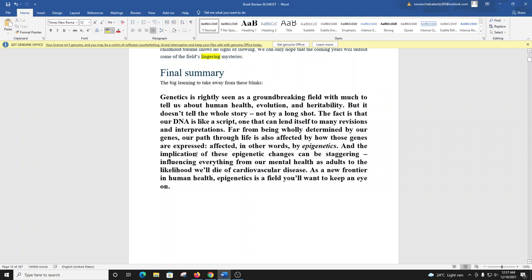The big learning to take away from these blinks is that genetics is rightly seen as a groundbreaking field with much to tell us about human health, evolution, and heritability. But it doesn't tell the whole story. Not by a long shot. The fact is that our DNA is like a script, one that can lend itself to many revisions and interpretations. Far from being wholly determined by our genes, our path through life is also affected by how those genes are expressed, affected, in other words, by epigenetics. And the implication of these epigenetic changes can be staggering, influencing everything from our mental health as adults to the likelihood we'll die of cardiovascular disease. As a new frontier in human health, epigenetics is a field you'll want to keep an eye on.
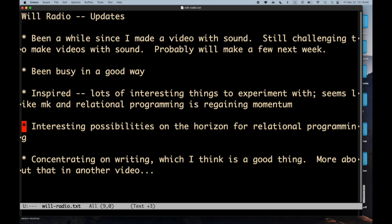Some of the things I'm seeing in automated theorem proving and tying symbolic systems to LLMs and so forth make me think that five years from now we'll be able to do that way, way, way better than we can today. If you look at progress on things like Go playing or protein folding, I think those sorts of techniques are going to be applicable to relational programming.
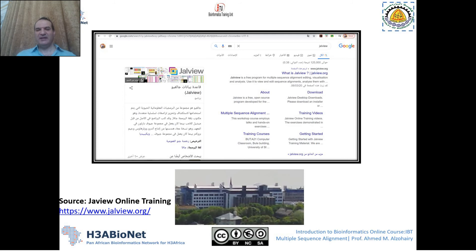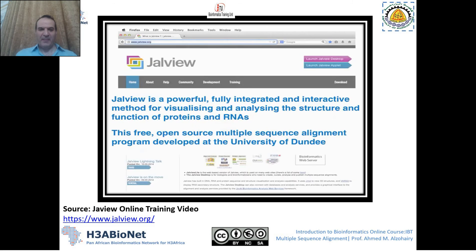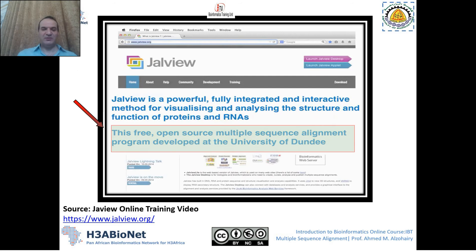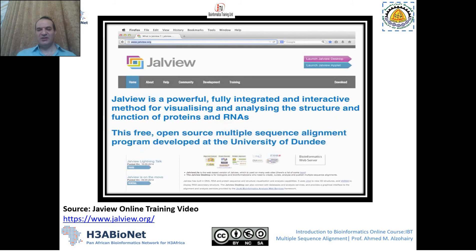You can easily Google Jalview and find the website at Jalview.org. It's a very powerful tool that works with analyzing and visualizing the structure and function of proteins and RNA. The good thing about Jalview is that it's free and open source for sequence alignment, and as mentioned, it is hosted at the University of Dundee.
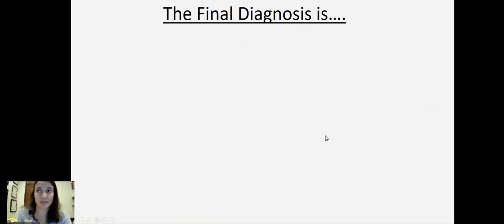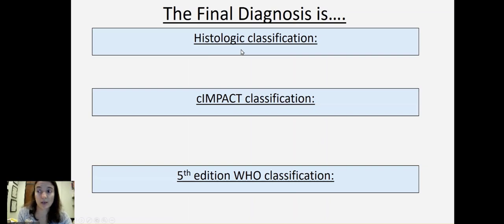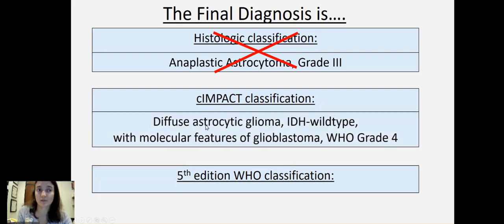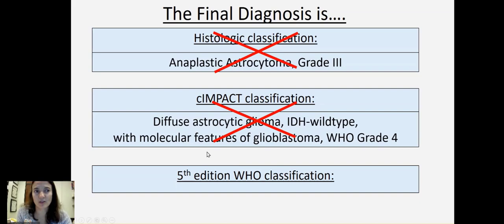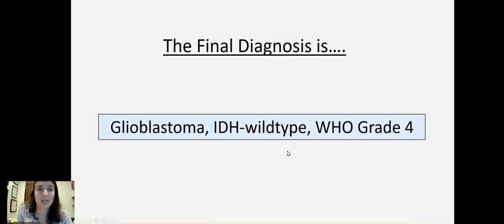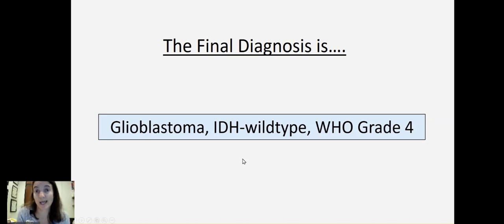For the final diagnosis — if we're going by the histologic classification alone, we would call this an anaplastic astrocytoma grade three, but that's not recommended. If we go by the C-IMPACT classification recommended since the fourth edition of the WHO, we would call this diffuse astrocytic glioma IDH wild type with molecular features of glioblastoma, which is a mouthful. In the fifth edition, instead of calling it molecular features of glioblastoma, since these tumors are going to act like a glioblastoma, we just call them a glioblastoma. So the final diagnosis is glioblastoma IDH wild type, even though on histology it looked like anaplastic astrocytoma — we can upgrade it to glioblastoma based on its molecular features, because that's the way it's going to act and the way it should be treated.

★ ★ ★

▸ **Problem requirements**
Retype all of the material above exactly; the pictures stay out.

▸ **Result of the exercise**
The big learning to take away from these blinks is that genetics is rightly seen as a groundbreaking field with much to tell us about human health, evolution, and heritability. But it doesn't tell the whole story. Not by a long shot. The fact is that our DNA is like a script, one that can lend itself to many revisions and interpretations. Far from being wholly determined by our genes, our path through life is also affected by how those genes are expressed, affected, in other words, by epigenetics. And the implication of these epigenetic changes can be staggering, influencing everything from our mental health as adults to the likelihood we'll die of cardiovascular disease. As a new frontier in human health, epigenetics is a field you'll want to keep an eye on.
Some of the things I'm seeing in automated theorem proving and tying symbolic systems to LLMs and so forth make me think that five years from now we'll be able to do that way, way, way better than we can today. If you look at progress on things like Go playing or protein folding, I think those sorts of techniques are going to be applicable to relational programming.
You can easily Google Jalview and find the website at Jalview.org. It's a very powerful tool that works with analyzing and visualizing the structure and function of proteins and RNA. The good thing about Jalview is that it's free and open source for sequence alignment, and as mentioned, it is hosted at the University of Dundee.
For the final diagnosis — if we're going by the histologic classification alone, we would call this an anaplastic astrocytoma grade three, but that's not recommended. If we go by the C-IMPACT classification recommended since the fourth edition of the WHO, we would call this diffuse astrocytic glioma IDH wild type with molecular features of glioblastoma, which is a mouthful. In the fifth edition, instead of calling it molecular features of glioblastoma, since these tumors are going to act like a glioblastoma, we just call them a glioblastoma. So the final diagnosis is glioblastoma IDH wild type, even though on histology it looked like anaplastic astrocytoma — we can upgrade it to glioblastoma based on its molecular features, because that's the way it's going to act and the way it should be treated.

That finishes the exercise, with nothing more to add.